I'm steadily closing in on the start date for my new job, and I am trying not to freak out. When I freak out, I start to hyperfocus on logistics, so I am now planning out my daily commute. If we still lived in Heidelberg, it would be a straight shot to my new place of employment, but now I will have to take the train to Heidelberg and switch trains. I plan to keep a bike at the train station since my job site is not that close and the bus does not appear to run in conjunction with the train schedule (what?!). Anyhoo, John bought my bike off our neighbor several years ago, and I have never used it, so it is time to make sure it is in repair, etc. I spent some time online this morning looking for a rear light, a bag I can attach easily, and some rain gear. Yesterday I tried out my new bike helmet -- purple! -- and took my bike for a spin.

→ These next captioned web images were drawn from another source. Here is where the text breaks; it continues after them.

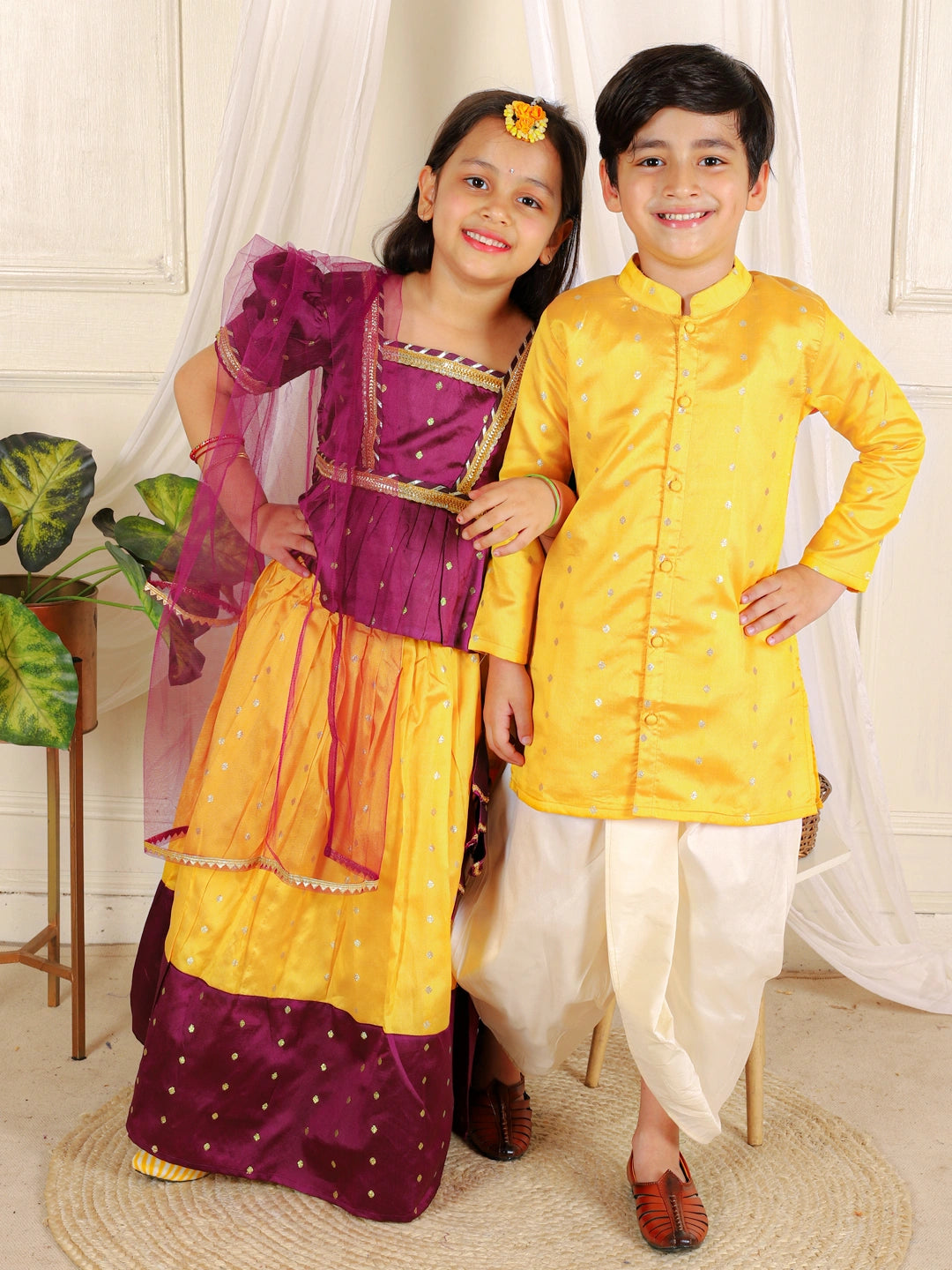 BownBee Sibling Set Full Sleeve Festive Dhoti Kurta for Boys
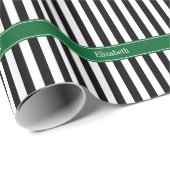 Zwart wit Stripe Forest Ribbon Name Monogram Cadeaupapier (Rol Hoek)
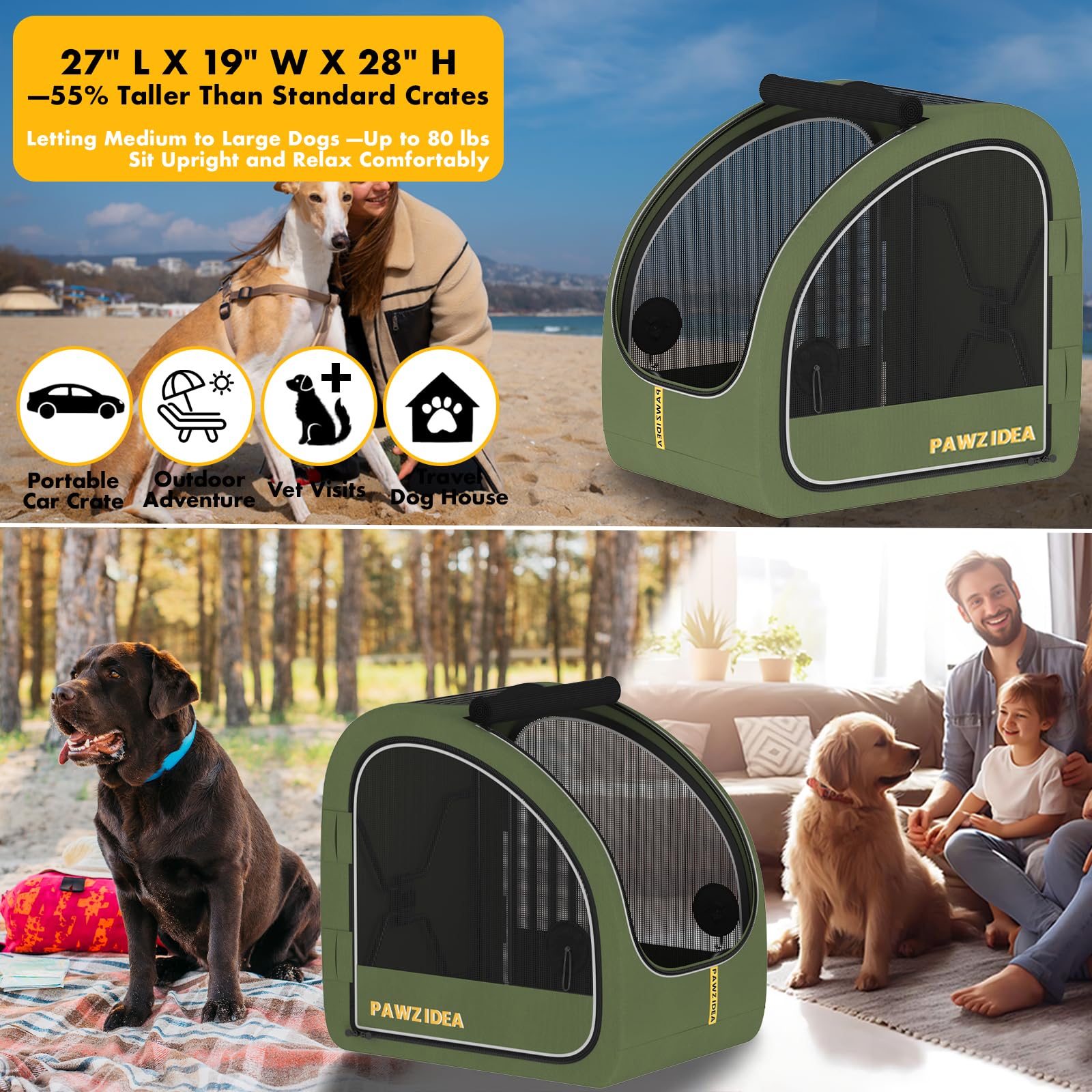 PAWZIDEA portable dog crate breathable-mesh interior for airflow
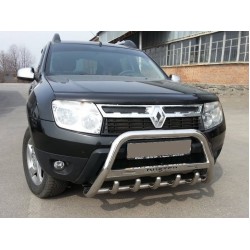 Кенгурятник с надписью WT004 (нерж.) для Dacia Duster 2008-2018 гг
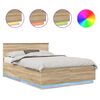 vidaXL Voodi raam LED -ribatuledega Sonoma tamm 150 x 200 cm Tehispuit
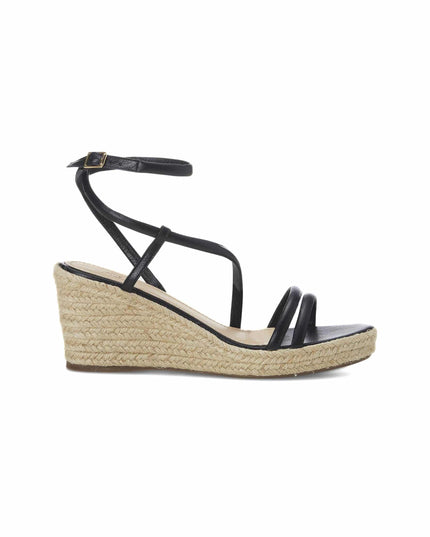 Romã Leder-Espadrille Schwarz mit Jute-Keilabsatz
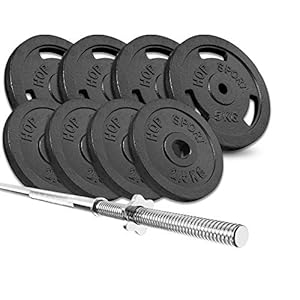 Hop-Sport Cast Iron Barbell Set 39kg/59 kg-Weight Plates with Straight Barbell Bar 167 cm– Iron Weights for Men/Women–Home Gym Equipment for Bodybuilding, Weight Loss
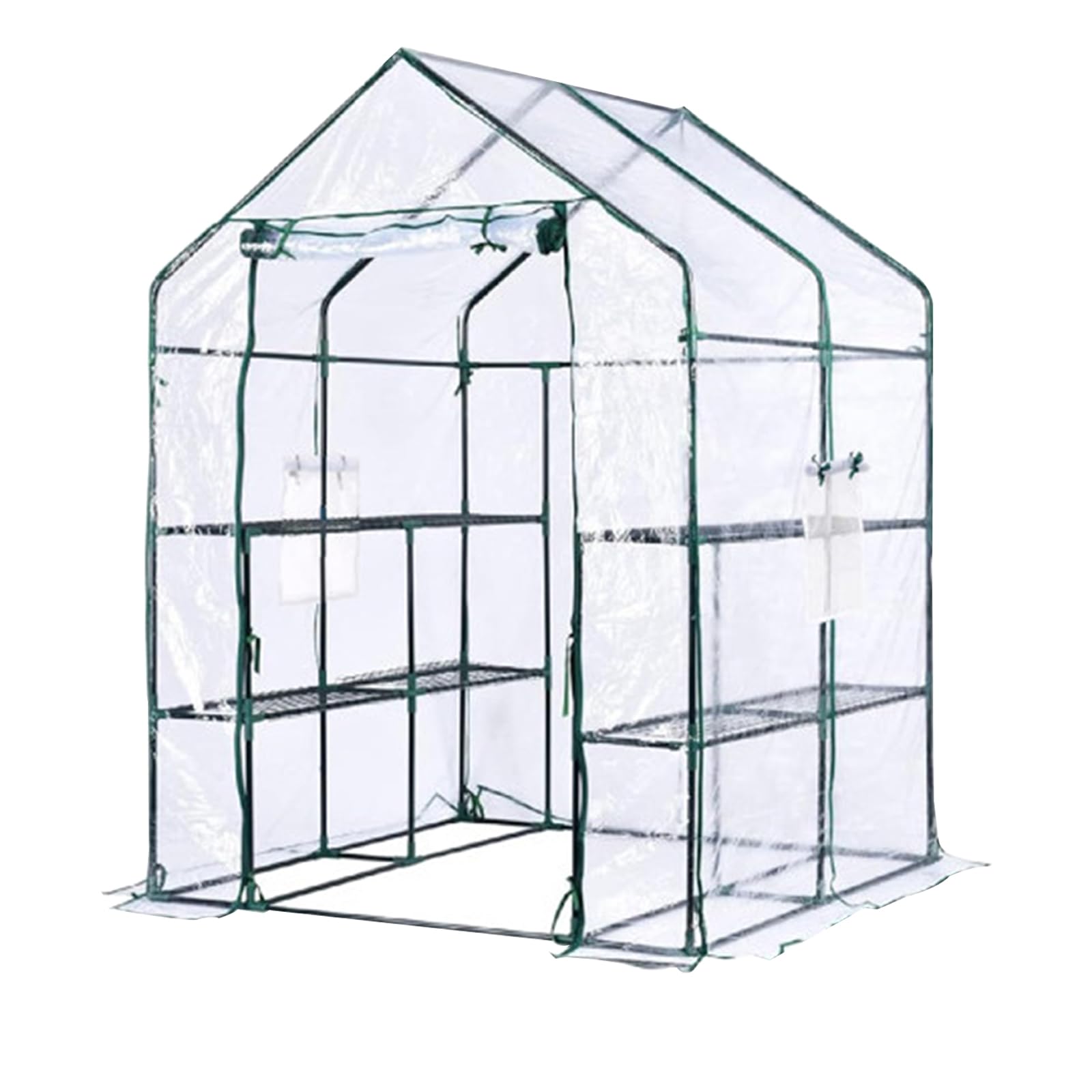 Garvee Walk-in Greenhouse with 6 Shelves, 56.3"x56.3"x76.77" Outdoor Portable Gardening House with Durable PE Cover & Zipper Door, Sturdy Anti-Rust Metal Frame, Ideal for Plants & Seedlings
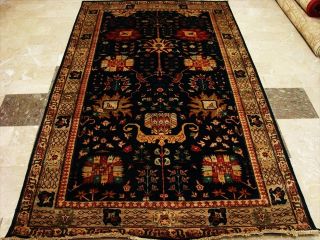Blue KAZAK Caucasion Hand Knotted Rug Wool Carpet 8x5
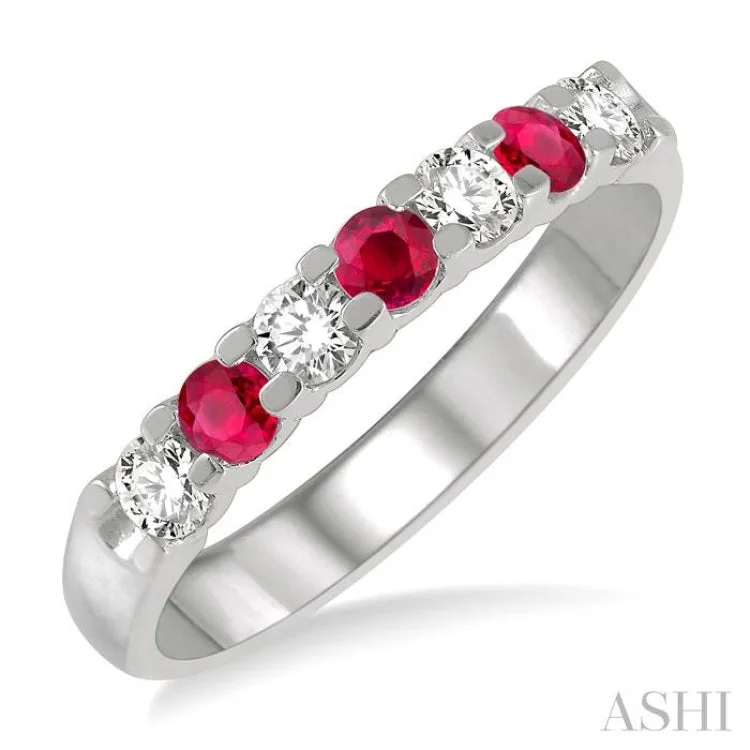 Custom Diamond Wedding Band-3/8 ctw Round Cut Diamond and 3MM Ruby Precious Wedding Band in 14K White Gold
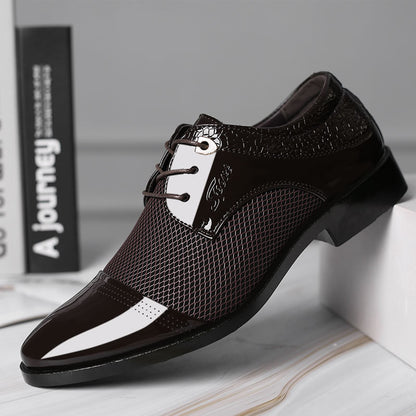 Men’s Executive Mesh Gloss Lace-Up Shoes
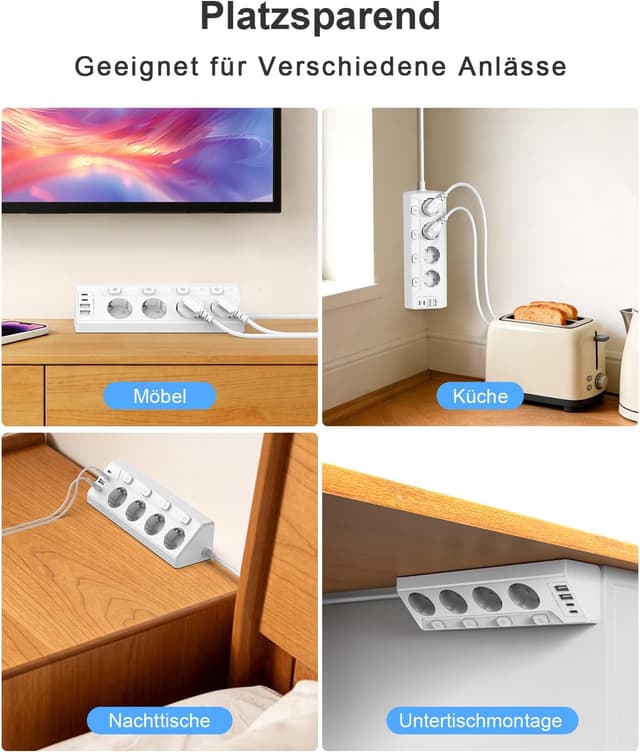 Thumbnail 6 de vipwell Ecksteckdose mit 4 USB (2× USB‑C, 2× USB‑A) und unabhängigen Schaltern – 90° Winkel, 4 Fach-Steckdosen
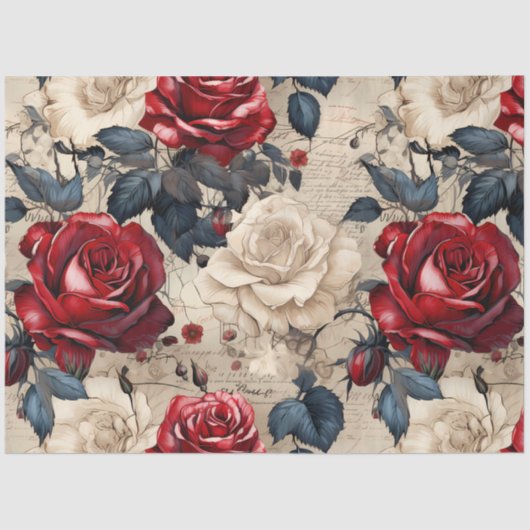 Rood & Wit Roses Geïnspireerd Decoupage Tissuepapier (Voorkant)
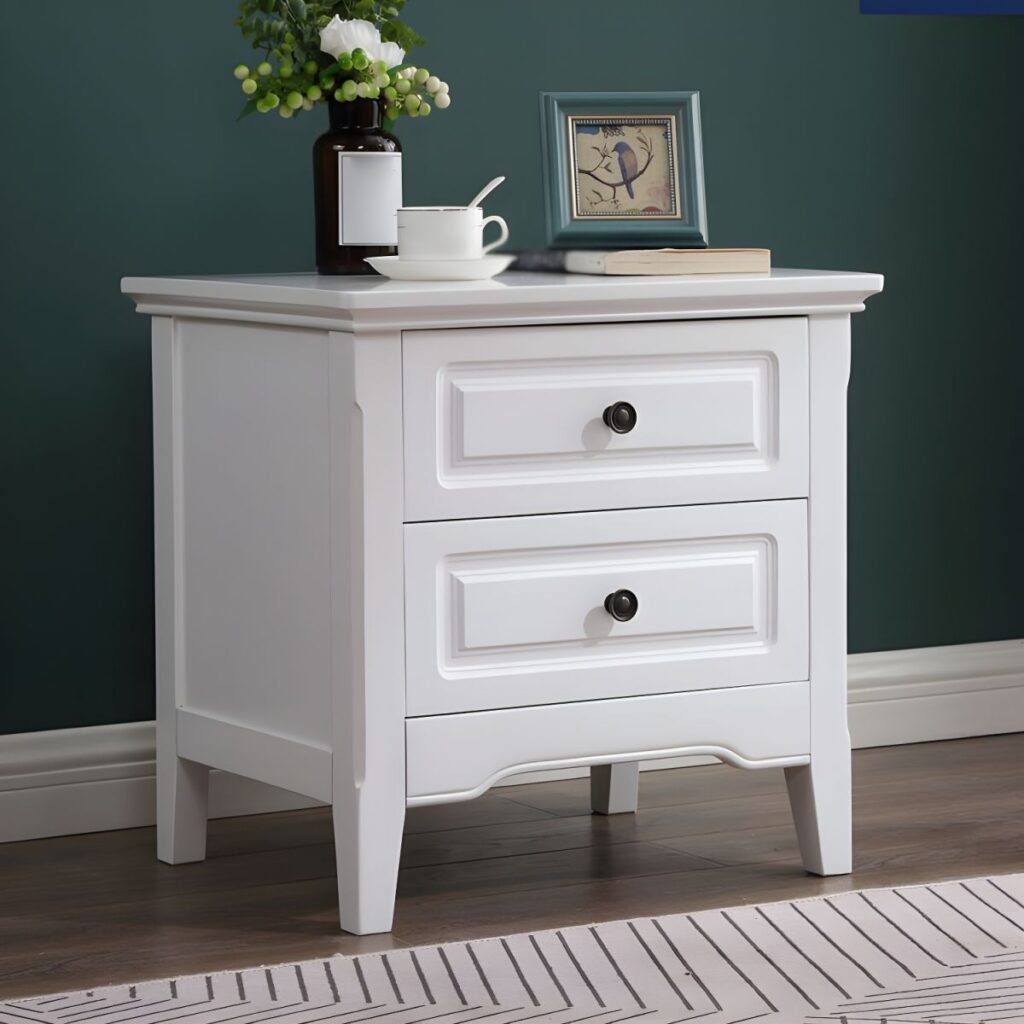 1200x12002 408 Creamy Minimalist Bedside Table with Silent Drawers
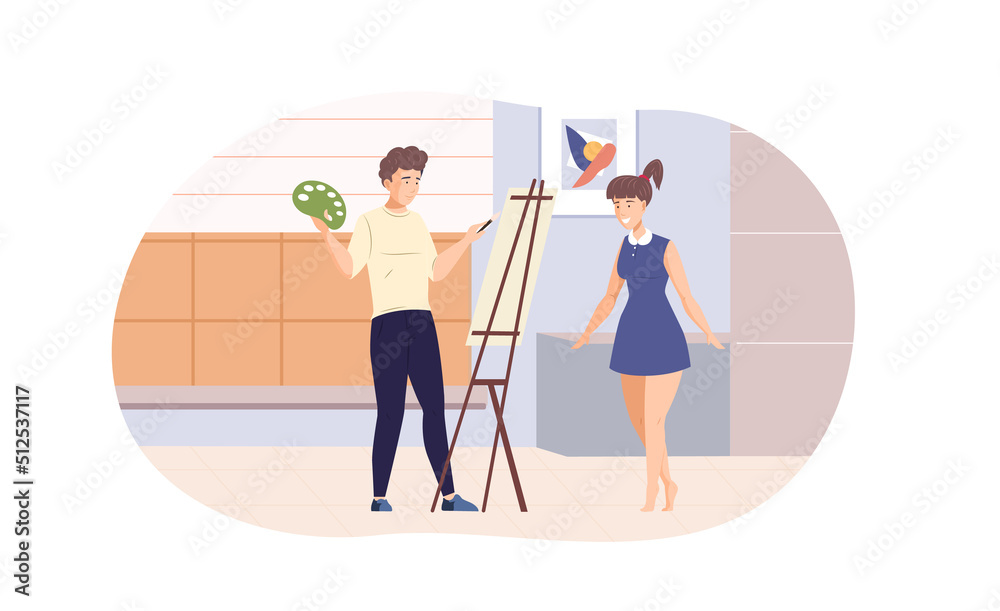 Fototapeta premium Male artist drawing portrait of girl on canvas at workshop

I think I am going to have to get on it even more between now and Feb. 1 if I don't want to show up dead to my office.
I still have some work to do on my final translation, too, plus some painting to do on the windows. I'm trying not to freak out about those things, but I am a natural freak-outer, I am afraid.
Finally, I heard this morning that Dolores O'Riordan of the Cranberries had died. She is roughly our age (John and me), and something like that really shakes you. It's not that I really knew anything about her personally, or that I can't listen to her music anymore, or even that I've been reminded that I could die young, too, but it is like another thread connecting me to my younger days has been snipped. At some point in each of our lives, if we live long enough, everything that came before us is no longer there, and we only have the things that came after us. Not that there is anything inherently bad about that, but I imagine it is a serious adjustment, and a constant reminder that we're next.